Thursday, January 05, 2006
Wednesday, January 04, 2006
Sleeping Beauty is hands-down best for sheer volume of images. Perhaps because it's so extensive within its relatively closed framework. There's not much adventuring, but it's really three fairy tales in one (the story of the childless mother, the story of the child, the story of the child's rescuer). A lot of shit happening around one little castle.
It's pretty, although not quite a favorite in its current watered-down incarnation. And while the old version has our heroine waking up to the suckling of twin babies (fathered by a philandering prince who seems to have adiosed), it's much less the dark and ghastly that I prefer than it is simply gross. Though, I must say this particular Briar Rose is baring a little more leg than she should and her hair has developed into a Lovecraftian beastie of its own.
Tuesday, January 03, 2006
Sunday, January 01, 2006
I rang in the year stuffing my face with artichoke dip. Appropriate.
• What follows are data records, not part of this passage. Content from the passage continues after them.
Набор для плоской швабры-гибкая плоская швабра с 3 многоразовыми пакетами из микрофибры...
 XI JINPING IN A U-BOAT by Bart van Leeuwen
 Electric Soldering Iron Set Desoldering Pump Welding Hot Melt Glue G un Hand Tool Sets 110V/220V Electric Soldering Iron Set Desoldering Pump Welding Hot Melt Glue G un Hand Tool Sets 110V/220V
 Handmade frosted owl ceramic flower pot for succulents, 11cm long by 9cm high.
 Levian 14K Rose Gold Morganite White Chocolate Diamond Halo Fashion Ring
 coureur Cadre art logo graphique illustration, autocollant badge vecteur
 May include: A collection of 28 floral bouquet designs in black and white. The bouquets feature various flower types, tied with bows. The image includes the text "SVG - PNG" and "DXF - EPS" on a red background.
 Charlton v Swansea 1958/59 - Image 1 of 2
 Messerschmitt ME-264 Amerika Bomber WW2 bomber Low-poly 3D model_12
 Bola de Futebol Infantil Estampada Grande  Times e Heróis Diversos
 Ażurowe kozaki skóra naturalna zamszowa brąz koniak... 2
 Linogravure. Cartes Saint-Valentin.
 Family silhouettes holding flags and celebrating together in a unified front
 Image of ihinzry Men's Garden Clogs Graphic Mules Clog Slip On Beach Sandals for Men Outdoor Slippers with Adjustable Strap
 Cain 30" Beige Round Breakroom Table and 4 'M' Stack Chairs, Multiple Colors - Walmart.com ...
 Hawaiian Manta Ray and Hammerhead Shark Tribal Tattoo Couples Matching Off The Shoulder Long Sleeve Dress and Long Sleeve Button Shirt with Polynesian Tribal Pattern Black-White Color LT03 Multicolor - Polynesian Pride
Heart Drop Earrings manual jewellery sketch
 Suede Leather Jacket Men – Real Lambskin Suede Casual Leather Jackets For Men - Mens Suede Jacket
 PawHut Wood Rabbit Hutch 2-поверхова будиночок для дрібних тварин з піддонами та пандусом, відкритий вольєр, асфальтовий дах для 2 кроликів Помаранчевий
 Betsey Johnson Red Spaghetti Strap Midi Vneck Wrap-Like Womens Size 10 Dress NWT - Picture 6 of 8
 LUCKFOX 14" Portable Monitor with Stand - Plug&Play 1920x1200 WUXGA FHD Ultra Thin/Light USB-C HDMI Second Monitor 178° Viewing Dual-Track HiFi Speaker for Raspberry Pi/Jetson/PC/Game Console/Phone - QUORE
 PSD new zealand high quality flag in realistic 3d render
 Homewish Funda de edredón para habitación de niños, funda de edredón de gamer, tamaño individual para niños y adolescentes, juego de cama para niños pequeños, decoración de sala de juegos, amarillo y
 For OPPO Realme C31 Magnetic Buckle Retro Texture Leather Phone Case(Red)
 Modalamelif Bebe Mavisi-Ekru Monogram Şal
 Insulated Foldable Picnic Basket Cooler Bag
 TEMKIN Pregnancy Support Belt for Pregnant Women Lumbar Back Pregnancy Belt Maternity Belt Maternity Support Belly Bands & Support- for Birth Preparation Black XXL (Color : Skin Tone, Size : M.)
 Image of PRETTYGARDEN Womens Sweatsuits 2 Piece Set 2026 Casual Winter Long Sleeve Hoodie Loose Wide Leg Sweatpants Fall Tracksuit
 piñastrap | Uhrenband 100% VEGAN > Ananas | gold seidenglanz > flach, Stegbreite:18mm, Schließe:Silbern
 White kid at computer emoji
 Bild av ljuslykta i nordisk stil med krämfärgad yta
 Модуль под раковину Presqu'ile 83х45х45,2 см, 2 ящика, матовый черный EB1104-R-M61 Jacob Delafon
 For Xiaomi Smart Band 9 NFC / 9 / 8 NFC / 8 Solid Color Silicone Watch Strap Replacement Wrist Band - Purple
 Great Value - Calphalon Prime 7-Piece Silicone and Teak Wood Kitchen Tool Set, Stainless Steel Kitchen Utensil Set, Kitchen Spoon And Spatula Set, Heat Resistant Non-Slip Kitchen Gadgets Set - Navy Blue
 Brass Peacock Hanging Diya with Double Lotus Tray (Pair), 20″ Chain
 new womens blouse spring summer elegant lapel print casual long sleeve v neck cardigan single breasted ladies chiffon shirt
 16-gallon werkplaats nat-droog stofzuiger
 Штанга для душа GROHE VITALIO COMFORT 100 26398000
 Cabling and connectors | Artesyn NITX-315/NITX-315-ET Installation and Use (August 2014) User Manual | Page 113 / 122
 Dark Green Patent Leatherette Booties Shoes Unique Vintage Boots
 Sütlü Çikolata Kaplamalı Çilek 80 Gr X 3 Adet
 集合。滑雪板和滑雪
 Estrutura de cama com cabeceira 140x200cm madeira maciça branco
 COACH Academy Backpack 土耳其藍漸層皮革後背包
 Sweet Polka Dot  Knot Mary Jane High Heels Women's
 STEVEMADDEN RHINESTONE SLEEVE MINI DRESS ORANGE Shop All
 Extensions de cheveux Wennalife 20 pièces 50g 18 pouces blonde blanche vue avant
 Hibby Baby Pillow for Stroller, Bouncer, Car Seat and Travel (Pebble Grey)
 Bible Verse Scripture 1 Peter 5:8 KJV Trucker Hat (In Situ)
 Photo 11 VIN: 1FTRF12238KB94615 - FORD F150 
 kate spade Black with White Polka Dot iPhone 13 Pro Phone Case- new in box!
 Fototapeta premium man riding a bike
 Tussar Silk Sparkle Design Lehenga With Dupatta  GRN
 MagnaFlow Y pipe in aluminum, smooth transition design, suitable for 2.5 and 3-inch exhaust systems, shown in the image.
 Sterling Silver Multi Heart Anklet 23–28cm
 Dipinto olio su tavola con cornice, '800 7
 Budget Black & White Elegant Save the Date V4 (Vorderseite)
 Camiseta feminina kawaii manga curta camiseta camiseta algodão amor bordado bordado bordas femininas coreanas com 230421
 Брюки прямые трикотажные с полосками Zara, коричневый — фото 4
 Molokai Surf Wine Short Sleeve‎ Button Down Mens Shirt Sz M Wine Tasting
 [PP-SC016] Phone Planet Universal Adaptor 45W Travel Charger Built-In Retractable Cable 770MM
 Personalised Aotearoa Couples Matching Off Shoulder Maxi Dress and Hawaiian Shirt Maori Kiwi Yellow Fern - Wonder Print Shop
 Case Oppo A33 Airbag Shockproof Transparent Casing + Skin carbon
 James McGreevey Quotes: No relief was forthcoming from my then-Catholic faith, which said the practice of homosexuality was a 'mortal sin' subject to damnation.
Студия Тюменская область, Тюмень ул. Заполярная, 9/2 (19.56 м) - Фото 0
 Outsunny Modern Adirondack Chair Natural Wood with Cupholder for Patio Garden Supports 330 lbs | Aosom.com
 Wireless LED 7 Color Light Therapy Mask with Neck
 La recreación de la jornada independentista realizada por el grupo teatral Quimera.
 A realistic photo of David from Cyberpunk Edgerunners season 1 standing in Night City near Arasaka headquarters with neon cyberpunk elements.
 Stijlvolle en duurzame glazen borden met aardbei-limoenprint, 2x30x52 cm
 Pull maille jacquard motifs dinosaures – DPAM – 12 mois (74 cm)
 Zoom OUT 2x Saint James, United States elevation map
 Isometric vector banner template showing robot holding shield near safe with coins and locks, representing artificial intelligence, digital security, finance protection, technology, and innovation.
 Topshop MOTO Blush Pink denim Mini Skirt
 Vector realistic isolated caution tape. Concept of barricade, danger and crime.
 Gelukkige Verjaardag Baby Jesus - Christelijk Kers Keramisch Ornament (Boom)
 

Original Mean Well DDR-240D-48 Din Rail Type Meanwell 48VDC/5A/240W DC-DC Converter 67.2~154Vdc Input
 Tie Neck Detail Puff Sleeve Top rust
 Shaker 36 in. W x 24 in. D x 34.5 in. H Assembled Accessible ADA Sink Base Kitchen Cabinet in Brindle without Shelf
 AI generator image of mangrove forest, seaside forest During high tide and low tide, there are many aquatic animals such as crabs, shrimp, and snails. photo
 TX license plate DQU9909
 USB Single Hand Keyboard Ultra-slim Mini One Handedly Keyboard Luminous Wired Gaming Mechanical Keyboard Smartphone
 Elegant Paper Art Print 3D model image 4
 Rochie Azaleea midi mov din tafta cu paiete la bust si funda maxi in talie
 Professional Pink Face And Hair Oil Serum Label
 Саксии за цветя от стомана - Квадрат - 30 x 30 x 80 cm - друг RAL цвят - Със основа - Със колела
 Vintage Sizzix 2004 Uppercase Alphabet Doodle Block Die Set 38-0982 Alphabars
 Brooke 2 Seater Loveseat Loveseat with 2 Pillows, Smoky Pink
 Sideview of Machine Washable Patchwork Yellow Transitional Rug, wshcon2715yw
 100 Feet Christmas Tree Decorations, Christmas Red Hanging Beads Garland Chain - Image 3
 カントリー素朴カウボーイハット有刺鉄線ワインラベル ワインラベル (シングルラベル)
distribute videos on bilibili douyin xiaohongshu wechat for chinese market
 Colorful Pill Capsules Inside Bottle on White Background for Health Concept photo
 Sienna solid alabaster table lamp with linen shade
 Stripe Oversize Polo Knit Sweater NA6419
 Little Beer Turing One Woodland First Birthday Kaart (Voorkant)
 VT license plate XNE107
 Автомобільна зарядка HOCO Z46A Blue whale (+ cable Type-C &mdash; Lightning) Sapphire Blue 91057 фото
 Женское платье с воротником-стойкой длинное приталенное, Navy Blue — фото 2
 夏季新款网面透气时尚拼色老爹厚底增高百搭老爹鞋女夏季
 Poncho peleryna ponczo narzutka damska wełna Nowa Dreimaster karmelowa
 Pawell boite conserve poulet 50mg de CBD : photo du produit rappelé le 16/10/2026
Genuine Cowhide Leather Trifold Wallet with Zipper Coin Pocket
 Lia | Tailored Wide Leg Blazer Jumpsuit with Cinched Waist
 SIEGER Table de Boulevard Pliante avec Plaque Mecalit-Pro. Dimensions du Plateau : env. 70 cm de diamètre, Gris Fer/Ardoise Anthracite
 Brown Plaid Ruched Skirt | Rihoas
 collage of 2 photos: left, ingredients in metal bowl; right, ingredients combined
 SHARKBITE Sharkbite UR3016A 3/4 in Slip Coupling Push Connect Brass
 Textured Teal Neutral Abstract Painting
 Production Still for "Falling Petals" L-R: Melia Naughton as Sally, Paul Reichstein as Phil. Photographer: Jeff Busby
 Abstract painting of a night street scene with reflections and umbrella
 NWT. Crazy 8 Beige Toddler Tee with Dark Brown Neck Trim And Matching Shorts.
I ended the night completely obliterating some stranger's ego. I started my day with tea and a run. Looks like I'll be staying the course for another year.
I have no lofty goals, unless facing my fear of Stephen King and starting the Dark Tower series can be considered a resolution. It's good. I'm on page eight and have committed myself to a night of reading in stinking running clothes.